Fetch values from nested data structures
Project description
Datawalk
Fetch values from nested data structures with a friendly syntax based on math operators.
The features provided by this library are inspired by the pathlib.Path API proposing to use "/" operators to represent the folder structure to a file.
Datawalk proposes to use similar operators to access a value in a nested data structure.
A path to a value is called a walk.
Design choices and implementation rely on these documentation pages:
- operators and special methods: https://docs.python.org/3/reference/datamodel.html#emulating-numeric-types
- operator precedence: https://docs.python.org/3/reference/expressions.html#operator-precedence
Benefits from using a walk to retrieve a value:
- walks provide an expressive way of navigating in data structures, hoping to improve legibility
- a walk is an indirection, providing a way to decouple the logic to retrieve a value from the logic to manipulate the value. It can be helpfull when you are refactoring the structure of your data: change the walk but not your business logic
- when writing a walk, the syntax is the same when using dict keys or object attributes or sequence indices
- walks are immutable and are agnostic of data sources, they can be applied to different datastructures. They can also be combined to produce deeper walks
- a walk provides expressive error messages telling where it failed to retrieve a value
Jump to the Use-cases section to see it in action.
Installation
Install datawalk with your favorite Python package manager:
# install from PyPI
pip install datawalk
uv add datawalk
poetry add datawalk
# etc.
# install from Github
pip install git+https://github.com/lucsorel/datawalk.git#egg=datawalk
uv add "datawalk @ git+https://github.com/lucsorel/datawalk"
poetry add git+https://github.com/lucsorel/datawalk.git
# etc.
Use cases
Let's create a nested data structure combining lists, dictionnaries, classes, dataclasses and namedtuples:
class Pet:
def __init__(self, name: str, type: str):
self.name = name
self.type = type
@dataclass
class PetDataclass:
name: str
type: str
class PetNamedTuple(NamedTuple):
name: str
type: str
data = {
'name': 'Lucie Nation',
'org': {
'title': 'Datawalk',
'address': {'country': 'France'},
'phones': ['01 23 45 67 89', '02 13 46 58 79'],
(666, 'ev/l'): 'hashable key',
},
'friends': [
{'name': 'Frankie Manning'},
{'name': 'Harry Cover'},
{'name': 'Suzie Q', 'phone': '06 43 15 27 98'},
{'name': 'Jean Blasin'},
],
'pets': [
Pet('Cinnamon', 'cat'),
PetDataclass('Caramel', 'dog'),
Pet('Melody', 'bird'),
PetNamedTuple('Socks', 'cat'),
],
}
Some use-cases:
from datawalk import Walk
name_walk = Walk / 'name'
name_walk.walk(data) # -> 'Lucie Nation'
# variations (the | pipe operator calls the .walk() method):
name_walk | data # -> 'Lucie Nation'
Walk / 'name' | data # -> 'Lucie Nation'
# use default value when failing to retrieve a value (with the ^ operator)
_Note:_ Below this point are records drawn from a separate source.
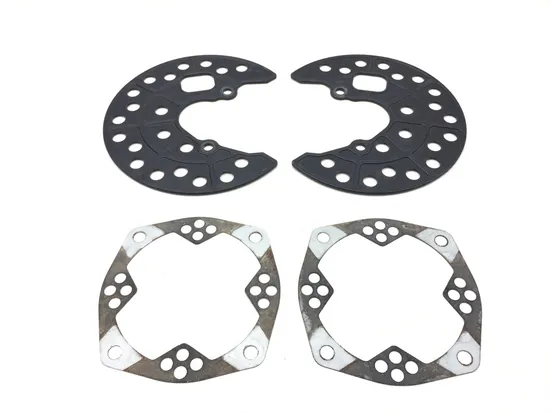 Front Brake Rotor Rock Guards 2020 Yamaha YFZ450RSE 3173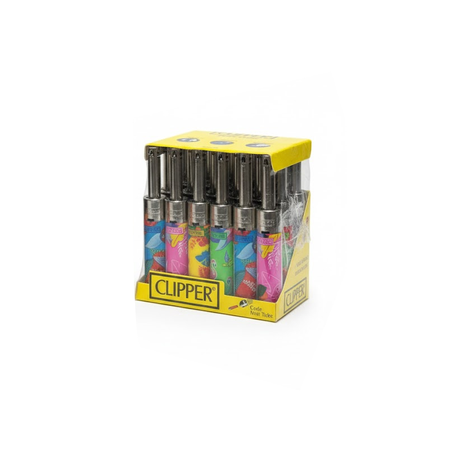 Clipper Mini Tube Lighter Colorful Pattern (24pcs/display)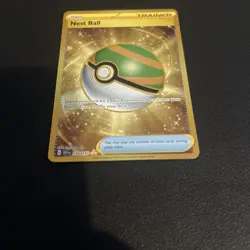 Pokemon TCG Nest Ball 255/198 Gold Holo Scarlet Violet Base Set - Image 2
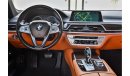 BMW 740Li i | 3,897 P.M | 0% Downpayment | Full Option | Exceptional Condition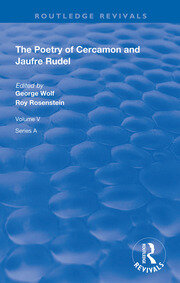 The Poetry of Cercamon and Jaufre Rudel book cover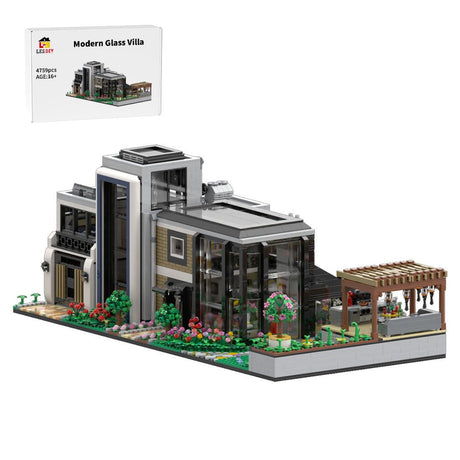 MOC - 151755 Modern Glass Villa - LesDiy - 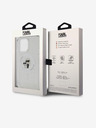 Karl Lagerfeld Karl Lagerfeld IML Csillogó Karl és Choupette MagSafe Hátlap iPhone 15 Pro Max Átlátszó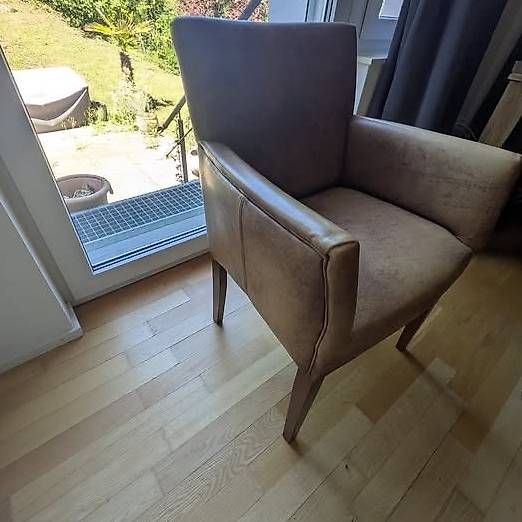Interio Sedie: Brown leather chair – Usato da Schlieren venduto da tan313 4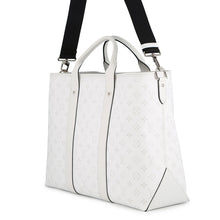 将图像加载到图库查看器中，LOUIS VUITTON Weekend Tote NM BlancM30919 Monogram Taiga Leather
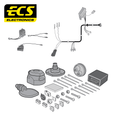 ECS 13-pin Towbar Wiring Kit – Audi / SEAT (multi-fit) 2003+ [AU037D1U]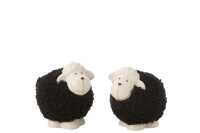 Sheep Porcelain White/Black Medium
(Walk / 'lastname').walk(data, default=None) # -> None
Walk / 'lastname' ^ (data, None) # -> None
# organisation country
Walk / 'org' / 'address' / 'country' | data # -> 'France'
# combine walks
org_walk = Walk / 'org'
country_walk = Walk / 'address' / 'country'
org_walk + country_walk | data # -> 'France'
# get the 2nd org phone number
org_walk / 'phones' / 1 | data # -> '02 13 46 58 79'
# filter lists
# - by slicing
Walk / 'pets' / slice(::2) | data # -> [cinnamon, melody] Pet instances
# - by targeting the first instance matching a key:value requirement
Walk / 'pets' @ ('type', 'dog') / 'name' | data # -> 'Caramel'
# - by targeting all instances whose key matches a list of values
Walk / 'pets' % ('name', ['Melody', 'Socks']) | data # -> [melody, socks] instances
# use ellipsis to create a walk without the last selector
suzie_name_walk = Walk / 'friends' @ ('name', 'Suzie Q') / 'name'
suzie_phone_walk = suzie_name_walk / ... / 'phone'
suzie_name_walk | data # -> 'Suzie Q'
suzie_phone_walk | data # -> '06 43 15 27 98'
# pick key:value items into a new dict
short_address_walk = Walk / 'org' / 'address' // ('city', 'zipcode')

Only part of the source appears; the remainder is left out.